**Problem description**.
Starting from the line with "Prosop pentru bebeluși" and going up to and including the line with "Ancient Ceramic Vase Set", copy the listing below exactly. Leave all images out.

**Data under study**.
============================================================

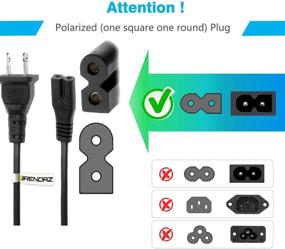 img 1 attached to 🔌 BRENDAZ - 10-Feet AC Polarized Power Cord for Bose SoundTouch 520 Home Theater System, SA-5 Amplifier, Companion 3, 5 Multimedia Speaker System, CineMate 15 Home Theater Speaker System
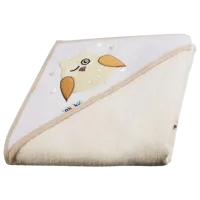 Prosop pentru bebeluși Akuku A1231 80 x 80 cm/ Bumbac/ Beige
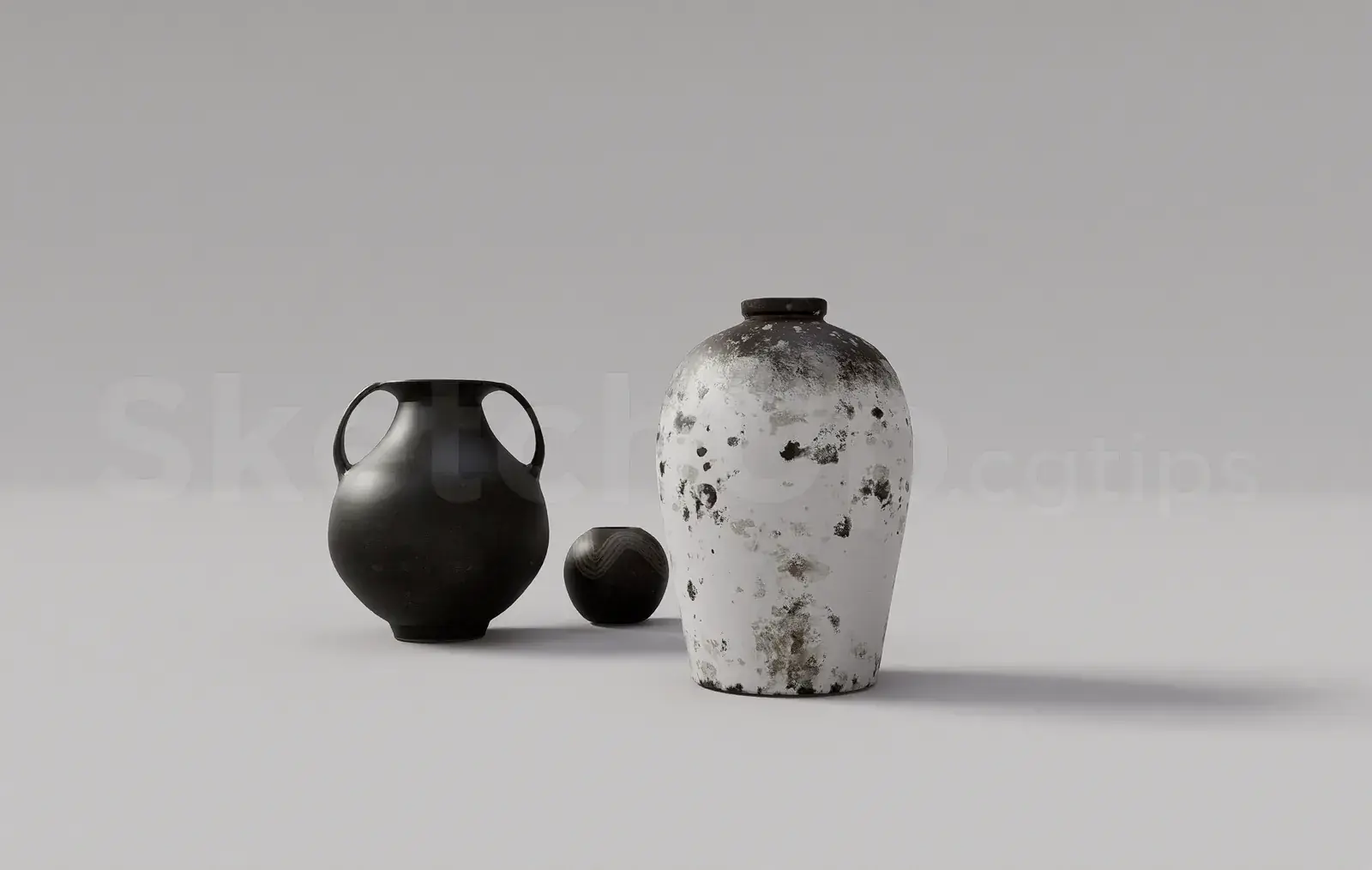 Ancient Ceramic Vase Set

============================================================

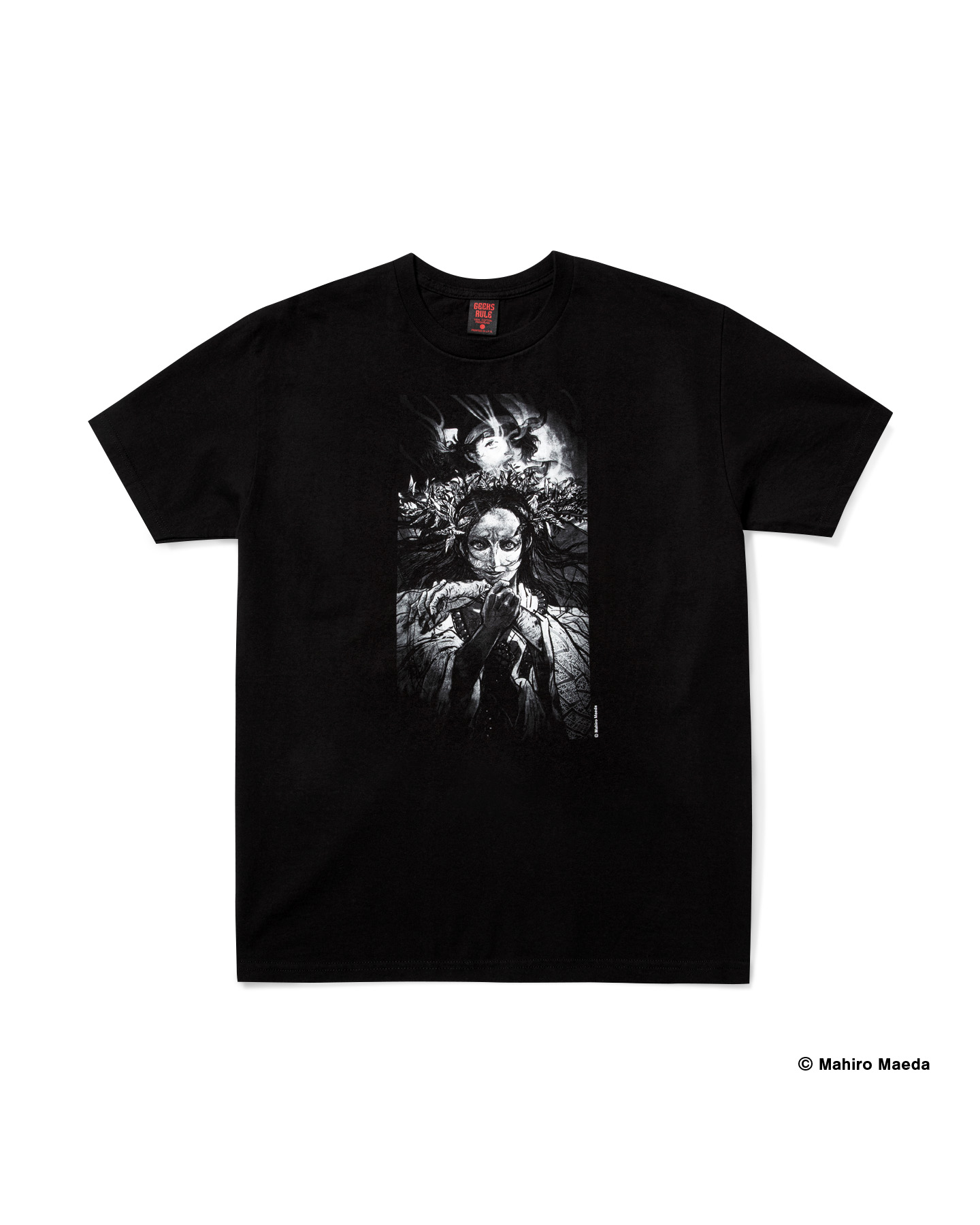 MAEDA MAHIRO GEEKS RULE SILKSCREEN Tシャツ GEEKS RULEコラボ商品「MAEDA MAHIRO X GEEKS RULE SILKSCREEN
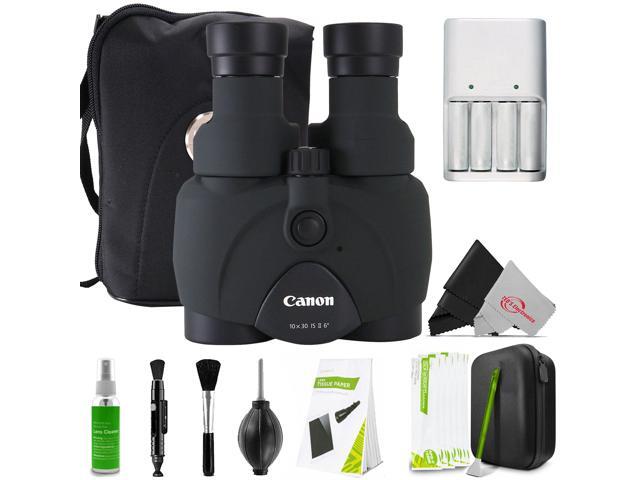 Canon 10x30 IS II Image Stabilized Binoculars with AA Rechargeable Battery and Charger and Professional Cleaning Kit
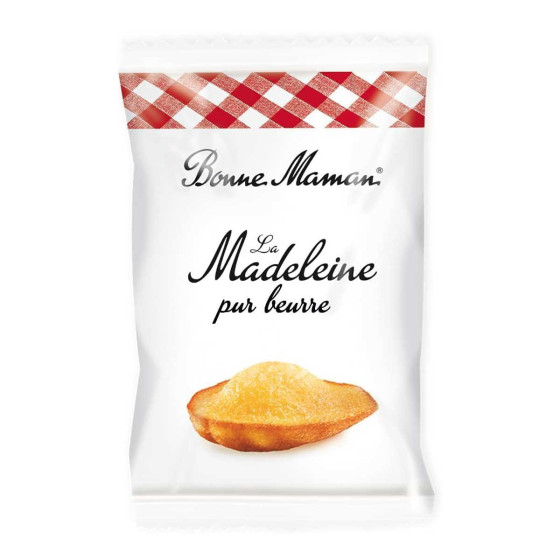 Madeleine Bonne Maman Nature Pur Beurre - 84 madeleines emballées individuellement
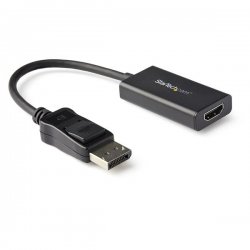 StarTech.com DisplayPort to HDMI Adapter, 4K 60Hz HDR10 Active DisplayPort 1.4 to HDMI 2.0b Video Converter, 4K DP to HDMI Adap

============================================================

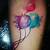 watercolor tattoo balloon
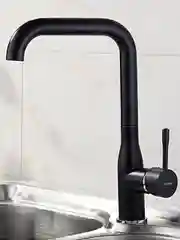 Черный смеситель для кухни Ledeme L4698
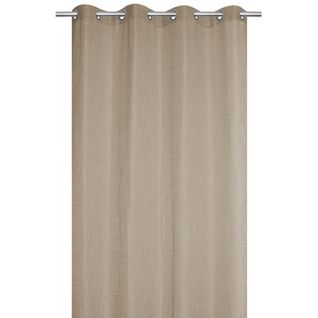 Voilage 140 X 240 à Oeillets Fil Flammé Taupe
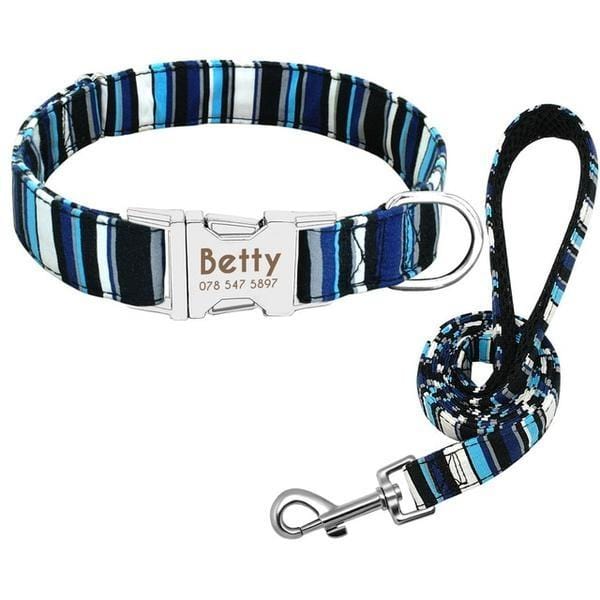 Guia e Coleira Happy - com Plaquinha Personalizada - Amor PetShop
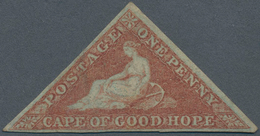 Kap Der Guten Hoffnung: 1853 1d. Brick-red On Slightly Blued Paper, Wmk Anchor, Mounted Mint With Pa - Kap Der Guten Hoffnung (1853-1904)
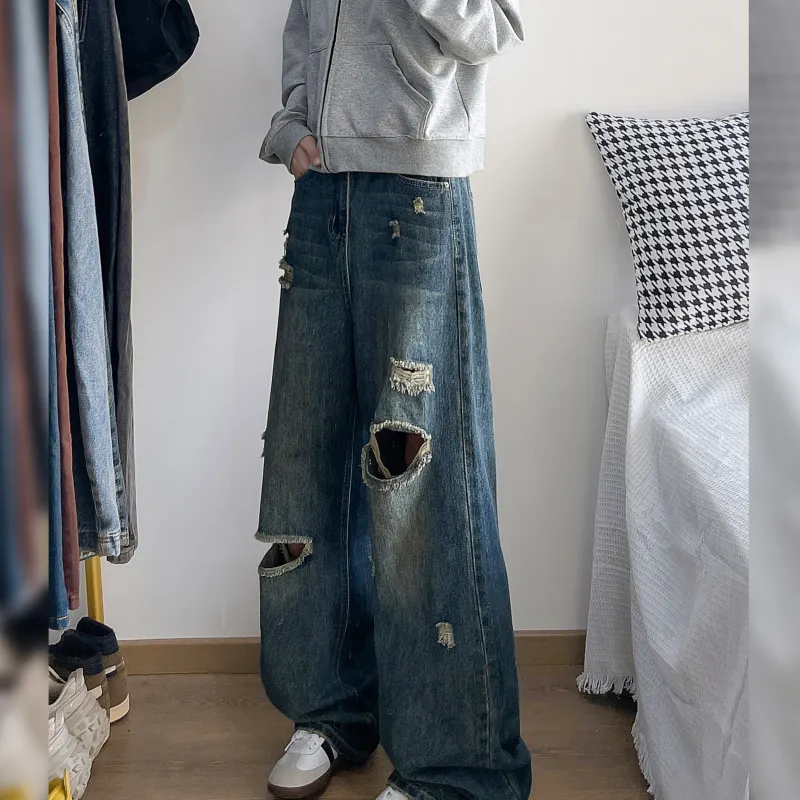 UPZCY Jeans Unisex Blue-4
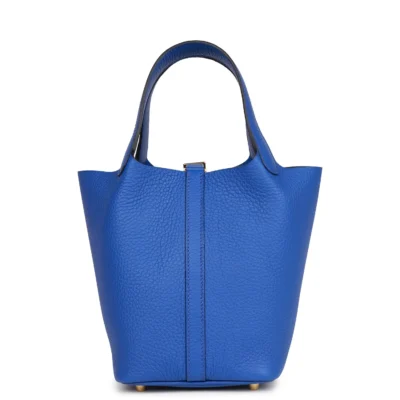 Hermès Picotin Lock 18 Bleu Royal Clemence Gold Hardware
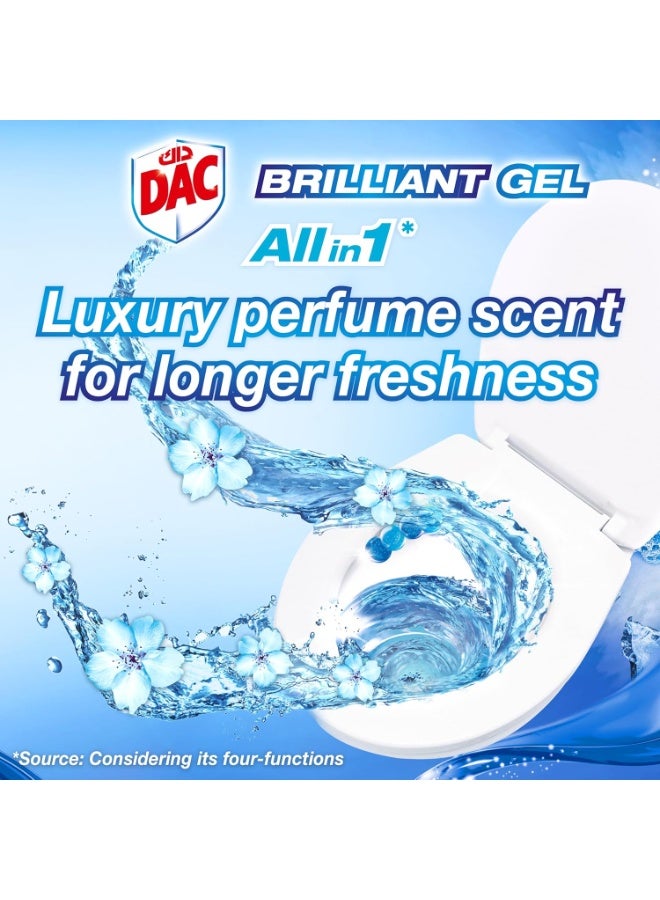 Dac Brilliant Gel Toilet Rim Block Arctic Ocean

============================================================

**Task response**.
 Prosop pentru bebeluși Akuku A1231 80 x 80 cm/ Bumbac/ Beige
 Ancient Ceramic Vase Set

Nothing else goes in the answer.